The incident happened on the opening day of the Brisbane Test when Rogers was fielding at short leg. The 37-year-old copped a ball to the back of the helmet, a spot similar to where the late Phil Hughes was struck during a Sheffield Shield game in November.
The freakish incident upset Rogers so much that for a moment he found himself at the cricketing crossroads.
"It was an interesting time after what happened with Phil. There are a lot of guys who are finding it pretty hard. Mortality hadn't really been an issue in the game," Rogers was quoted as saying in the Sydney Morning Herald.
"I fielded at short leg on the last day in the Test when Michael Clarke got injured in Adelaide, and I took one on the hip there, and I didn't do very well (with the bat), so I wasn't happy with my own form.
"Then we went up to Brisbane and day one I was under there and Rohit Sharma swept one and he hit me in the back of the helmet, and it's only inches away from where Phil got hit.
"So you just have different thoughts go through your head. That night I was pretty upset so I just wasn't sure which way to go.

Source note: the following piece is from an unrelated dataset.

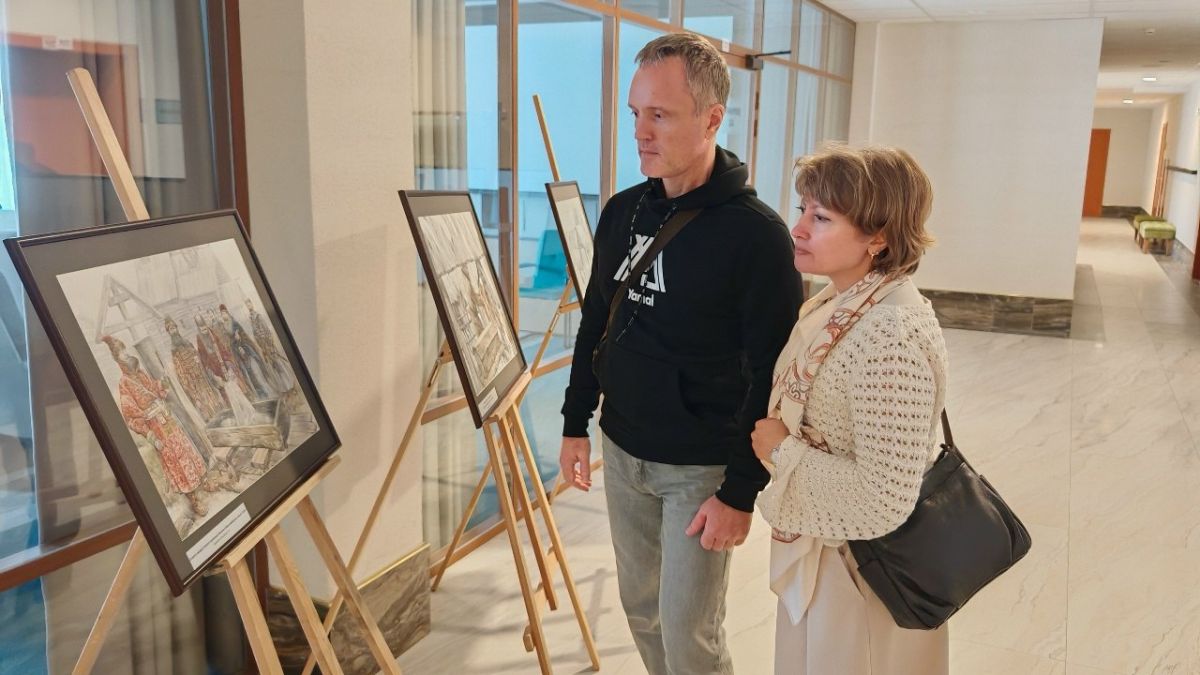 Преображенский собор всё больше привлекает туристов в Салехарде Преображенский собор всё больше привлекает туристов в Салехарде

I had to speak to a few people close to me," said Rogers, who eventually scored 417 runs at an average of 52.12 in the four-Test series.
Rogers eventually ended up hitting six consecutive half-centuries, becoming just the ninth Australian to do so and he said it turned out to be a good series in the end.

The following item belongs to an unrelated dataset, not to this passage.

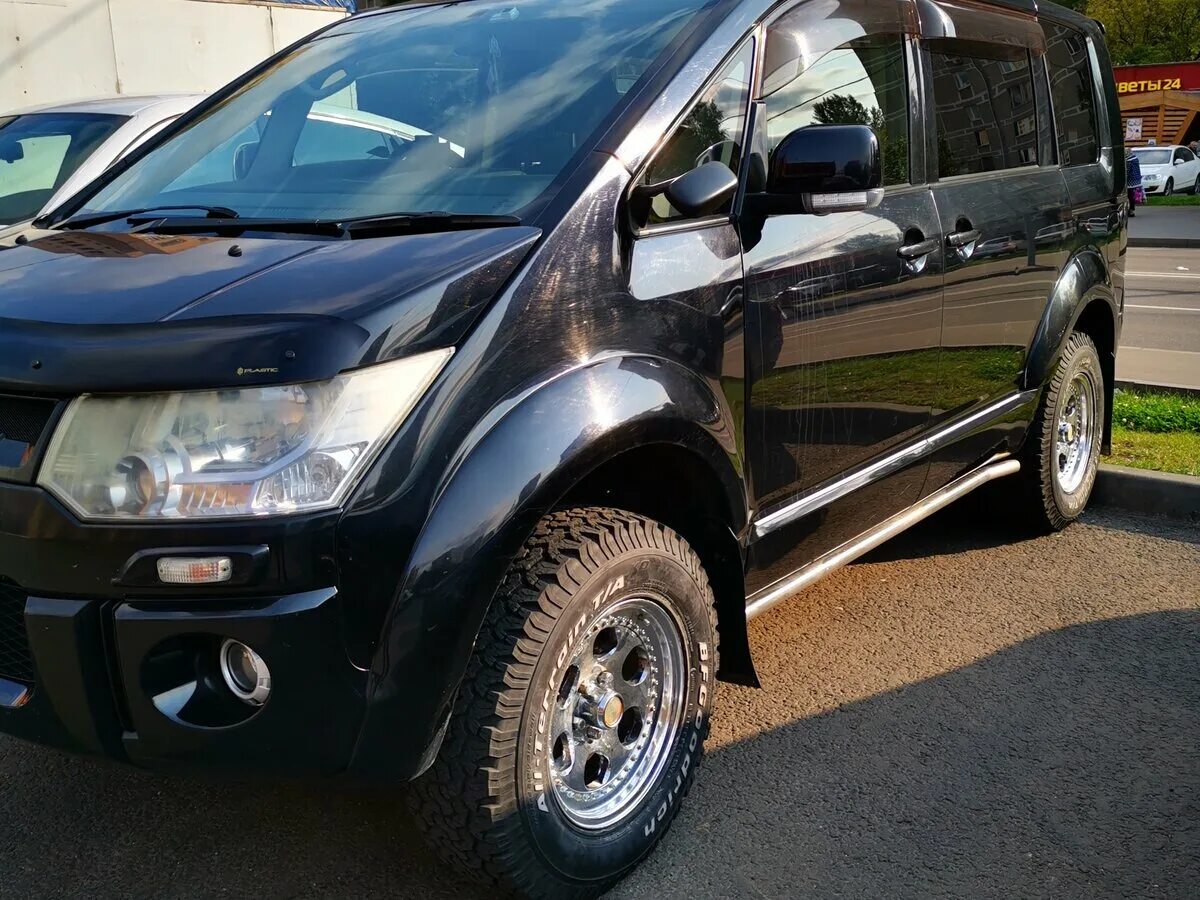 Mitsubishi Delica d5 2.4 CVT, 2007. Мицубиси минивэн полный привод. Митсубиси полноприводный микроавтобус. Полноприводный минивэн с высоким клиренсом Митсубиси.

"As an opener, you do the hard work against the new ball and then once you get in, you think it should get easier and you can go and get a big score," Rogers said.
"But I think the most important thing was to contribute. I missed out in the UAE (against Pakistan).

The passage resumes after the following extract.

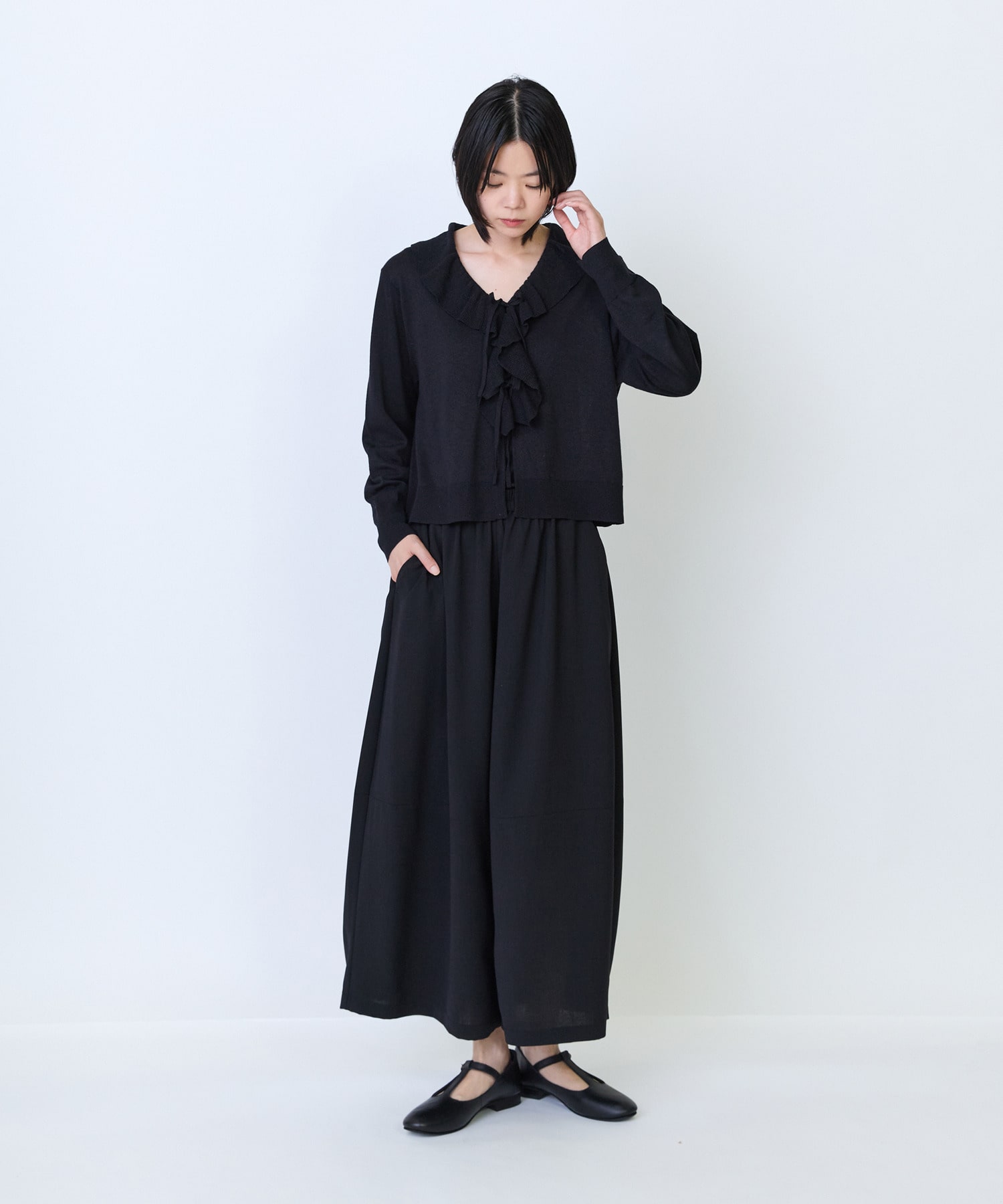 【LOISIR】エステルドライツイルボトルシルエットパンツ 詳細画像 ブラック 1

"It was a good (series) in the end. Personally, I was under a little bit of pressure and then missed out in Adelaide but bounced back quite well."
Rogers believes this winter's Ashes series in England will serve as his international swansong.
"You never say 'never', but it might be a nice way to round my career out. I've played a lot over in England, it would mean a lot to me," Rogers said.
"But also, I think, looking forward for the Australian side, there's got to be a time when they start to rebuild the side, and maybe with the Tests that are on next summer there might be a little bit less pressure and it might be the ideal time for a younger guy to come in and get some experience.
"I can see the writing on the wall with that as well, but also I think time is nearly up for me. I'm getting on and maybe there's other things to do in life."
Meanwhile, England pacer James Anderson said Phillip Hughes death caused 'huge doubts' in his mind about bowling.
"In the week after, I was having huge doubts about how I'd go about bowling and whether I'd want to bowl the short ball," Anderson told BBC Radio 5 live.
The 32-year-old seam bowler, who is in England's World Cup squad, believes the game must continue as usual.
"I don't see it changing the way bowlers go about their business. It was a freak accident and a huge tragedy, and the game has got to carry on. I've heard a lot of Aussies say that's what Phillip would have wanted," Anderson said.